No one at art school could understand when I began to practice traditional calligraphy. It seemed quaint and embarrassing, and completely counter to the artistic climate of the time which was dominated by abstract expressionism. Art should be asymmetric, wild, original. Hadn't the alphabet already been done? Yet the cloisters, the promise of slant morning light across ancient stone, of feathers cured in hot sand and ink smelling of gall called to me. In calligraphy I found a sense of apprenticeship that anchored me in history. Unlike the blank unstructured canvas, the calligrapher's practice sheet had rules beneath it. It would shortly fill with ordered rows of letters marching to their logical destinations: the word, the sentence, the paragraph, the page. Mindful of Charles' exhortations, I could see that to do calligraphy I had to have both hands engaged, one carefully resting on the paper, one holding the pen, and my mind in a state of active anticipation.
As I stumbled through the raw and humbling mechanics of learning to load a nib and get ink to flow and shape a letter I saw that every stroke was the record of a state of mind. Fear, confidence, wondering, distraction, focus, all indelibly stained the page. Sometimes the distance from the top of a stroke to bottom seemed like skating down a sheet of ice with unforgiving snowdrifts on all sides, and sometimes it was like carving the arches of the cloisters. The pen's edge became a chisel which, if held at the proper angle, made a perfect counter space for n, and m and u. I was making letters, but I was engaging space.
As I became more adept I began to see more nuance. My goal was the perfect letter living on the page. But the stroke begins outside the margins, off the page, in motion and in stillness counterbalanced -- and then it lands. It begins with a rational and practiced blueprint for construction, but it is affected by emotional weather, by music, by interruptions.
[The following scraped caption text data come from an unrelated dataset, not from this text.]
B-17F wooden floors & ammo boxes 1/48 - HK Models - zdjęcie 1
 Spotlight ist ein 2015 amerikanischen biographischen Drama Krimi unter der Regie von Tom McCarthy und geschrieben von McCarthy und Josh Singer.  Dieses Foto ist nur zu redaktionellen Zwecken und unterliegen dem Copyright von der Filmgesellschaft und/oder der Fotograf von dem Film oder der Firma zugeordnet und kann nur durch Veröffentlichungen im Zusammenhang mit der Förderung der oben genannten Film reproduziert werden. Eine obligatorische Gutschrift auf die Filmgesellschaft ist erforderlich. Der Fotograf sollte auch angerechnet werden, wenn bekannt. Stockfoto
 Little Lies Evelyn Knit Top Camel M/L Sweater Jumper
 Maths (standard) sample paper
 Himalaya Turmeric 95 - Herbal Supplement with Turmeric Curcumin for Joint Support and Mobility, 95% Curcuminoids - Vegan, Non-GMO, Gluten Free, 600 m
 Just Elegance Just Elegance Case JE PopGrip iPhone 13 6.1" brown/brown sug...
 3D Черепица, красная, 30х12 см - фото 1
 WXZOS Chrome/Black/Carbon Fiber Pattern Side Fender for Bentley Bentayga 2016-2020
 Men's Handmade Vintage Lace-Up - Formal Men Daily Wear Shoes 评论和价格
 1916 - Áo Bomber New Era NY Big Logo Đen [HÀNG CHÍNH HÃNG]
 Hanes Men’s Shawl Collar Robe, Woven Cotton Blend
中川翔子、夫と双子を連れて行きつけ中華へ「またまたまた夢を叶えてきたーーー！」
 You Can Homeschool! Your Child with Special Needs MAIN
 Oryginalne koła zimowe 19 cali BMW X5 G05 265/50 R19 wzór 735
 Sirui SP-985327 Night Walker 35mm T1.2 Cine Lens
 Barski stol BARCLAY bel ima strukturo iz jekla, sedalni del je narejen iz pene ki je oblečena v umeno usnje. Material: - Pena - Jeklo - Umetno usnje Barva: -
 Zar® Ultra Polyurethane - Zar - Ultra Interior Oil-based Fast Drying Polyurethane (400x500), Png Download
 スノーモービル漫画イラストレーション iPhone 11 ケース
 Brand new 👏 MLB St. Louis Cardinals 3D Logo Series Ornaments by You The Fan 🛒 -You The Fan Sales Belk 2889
And it is guided also by visualization, not of the letter as inert thing, but as a sequence of moves. When I am "on" I can feel the invitation of the paper, the sensual particularity of its surface, rough or smooth, and see the ink glistening even before I have picked up my pen. It is a state of "what if" easily interrupted by the dread "what then?" But at its best every mistake becomes a point of improvisation, very much like playing music.
THE LIMITS OF CALLIGRAPHY
Solutions that arrive kinesthetically and directly out of the inherent engineering of the tool have a natural balance of positive and negative shapes created without fear of aesthetic incorrectness. They land on the page with a sureness of gravity, an understanding of their own boundaries, and an affection for the community of letters coming before and after. But there is a hazard. In some sense they always look the same. One can tell exactly how they are made.
In studying the work of master calligraphers it is always the mark that I cannot diagnose that catches my eye. For instance: Herman Zapf. I nearly killed myself trying to do curving ascenders like his thinking they were made in one stroke, until I discovered by watching a film of him in action that each seemingly single stroke was made up of a series of hesitations, overlaps and deft "pulls." And it is dauntingly difficult. It is magic. There is a complexity in this kind of work that holds my attention for a long time. I think it is because it marries two minds: the visual result looks like it originates in gesture, but the method is complex engineering. The stroke is made slowly, self-consciously, yet appears completely "natural."